TO DO – Print verbatim the lines from the beginning of the entries through the line containing "So if you're", both ends included. Pictures should be left out.

SOURCE INFORMATION –
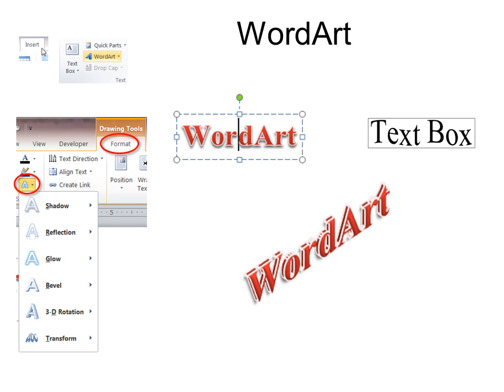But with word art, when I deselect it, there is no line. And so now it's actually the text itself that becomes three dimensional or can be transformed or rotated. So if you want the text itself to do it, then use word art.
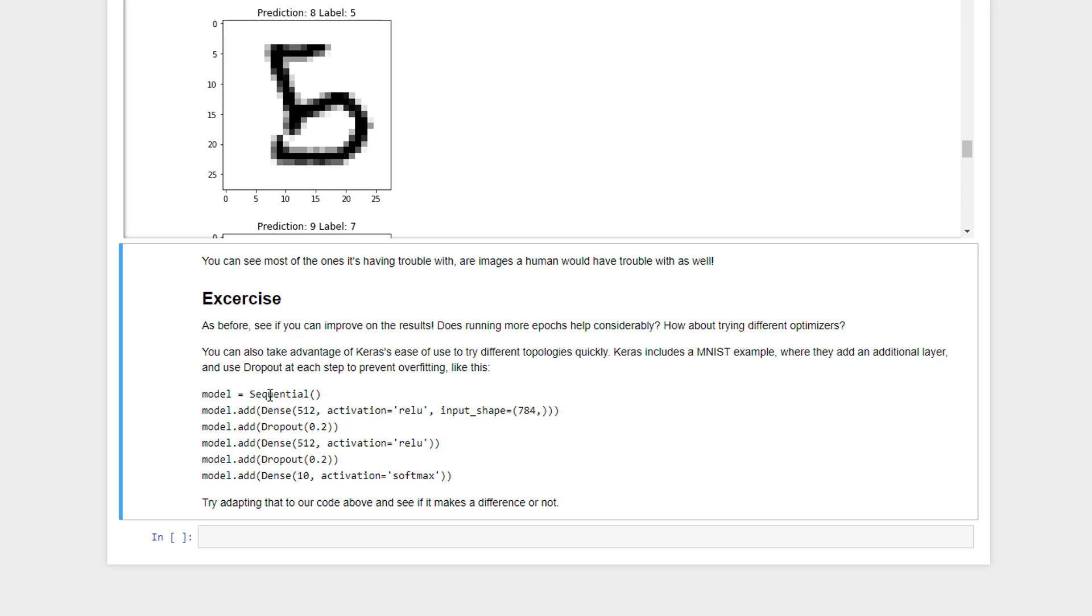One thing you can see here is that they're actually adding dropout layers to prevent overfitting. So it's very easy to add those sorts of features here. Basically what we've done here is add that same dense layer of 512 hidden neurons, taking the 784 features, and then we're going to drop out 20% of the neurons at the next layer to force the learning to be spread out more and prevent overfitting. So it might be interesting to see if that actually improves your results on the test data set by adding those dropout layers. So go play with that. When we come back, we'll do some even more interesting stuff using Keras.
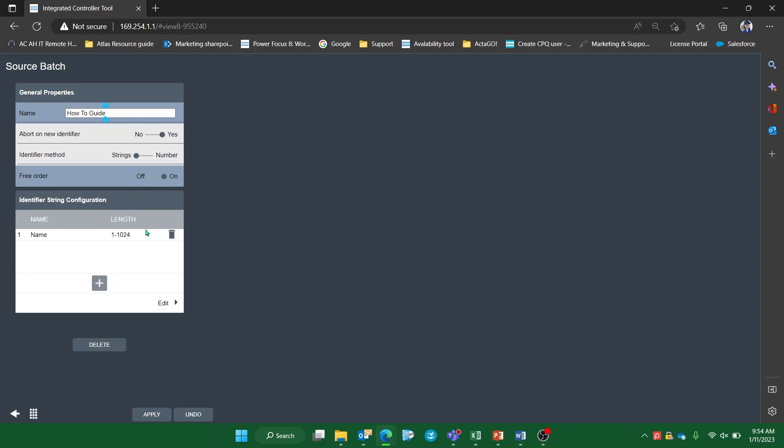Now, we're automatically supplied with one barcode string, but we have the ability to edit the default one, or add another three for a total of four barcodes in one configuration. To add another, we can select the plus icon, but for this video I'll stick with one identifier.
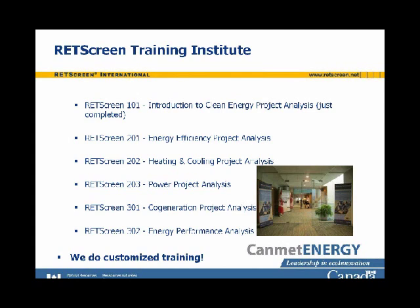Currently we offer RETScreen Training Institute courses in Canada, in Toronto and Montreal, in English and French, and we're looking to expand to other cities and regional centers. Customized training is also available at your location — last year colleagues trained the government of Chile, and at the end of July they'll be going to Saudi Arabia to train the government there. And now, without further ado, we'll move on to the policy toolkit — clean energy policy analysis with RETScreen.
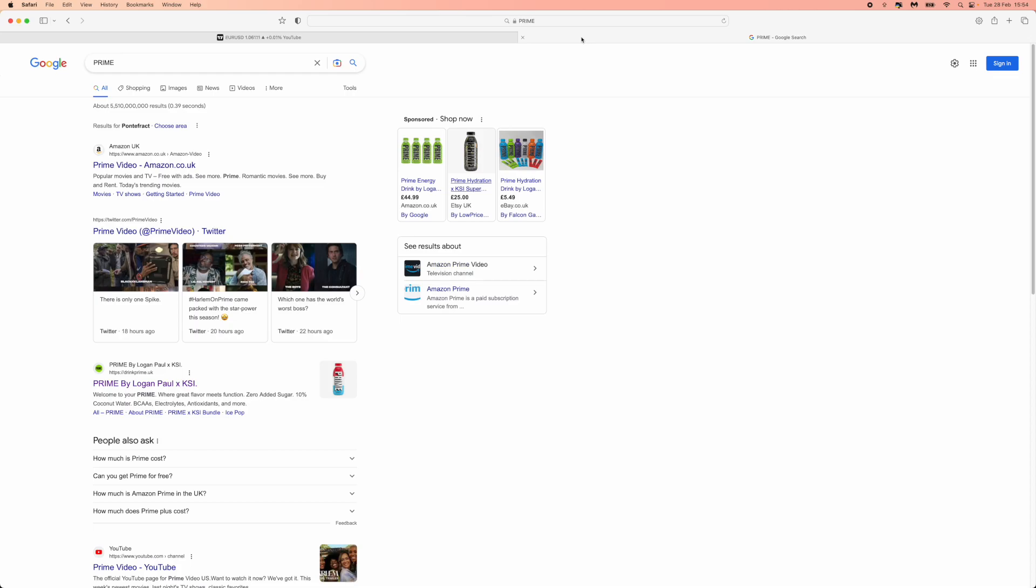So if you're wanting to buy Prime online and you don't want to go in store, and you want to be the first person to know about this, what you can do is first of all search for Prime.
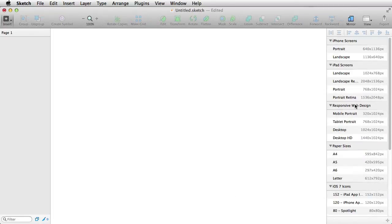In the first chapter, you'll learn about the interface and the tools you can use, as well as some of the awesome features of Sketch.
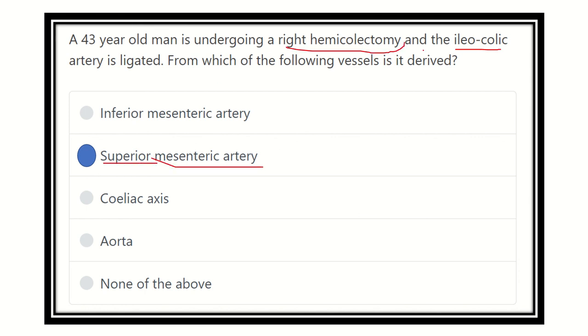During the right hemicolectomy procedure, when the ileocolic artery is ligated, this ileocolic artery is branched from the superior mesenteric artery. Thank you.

ANSWER FOR THE TASK –
But with word art, when I deselect it, there is no line. And so now it's actually the text itself that becomes three dimensional or can be transformed or rotated. So if you want the text itself to do it, then use word art.
One thing you can see here is that they're actually adding dropout layers to prevent overfitting. So it's very easy to add those sorts of features here. Basically what we've done here is add that same dense layer of 512 hidden neurons, taking the 784 features, and then we're going to drop out 20% of the neurons at the next layer to force the learning to be spread out more and prevent overfitting. So it might be interesting to see if that actually improves your results on the test data set by adding those dropout layers. So go play with that. When we come back, we'll do some even more interesting stuff using Keras.
Now, we're automatically supplied with one barcode string, but we have the ability to edit the default one, or add another three for a total of four barcodes in one configuration. To add another, we can select the plus icon, but for this video I'll stick with one identifier.
Currently we offer RETScreen Training Institute courses in Canada, in Toronto and Montreal, in English and French, and we're looking to expand to other cities and regional centers. Customized training is also available at your location — last year colleagues trained the government of Chile, and at the end of July they'll be going to Saudi Arabia to train the government there. And now, without further ado, we'll move on to the policy toolkit — clean energy policy analysis with RETScreen.
So if you're wanting to buy Prime online and you don't want to go in store, and you want to be the first person to know about this, what you can do is first of all search for Prime.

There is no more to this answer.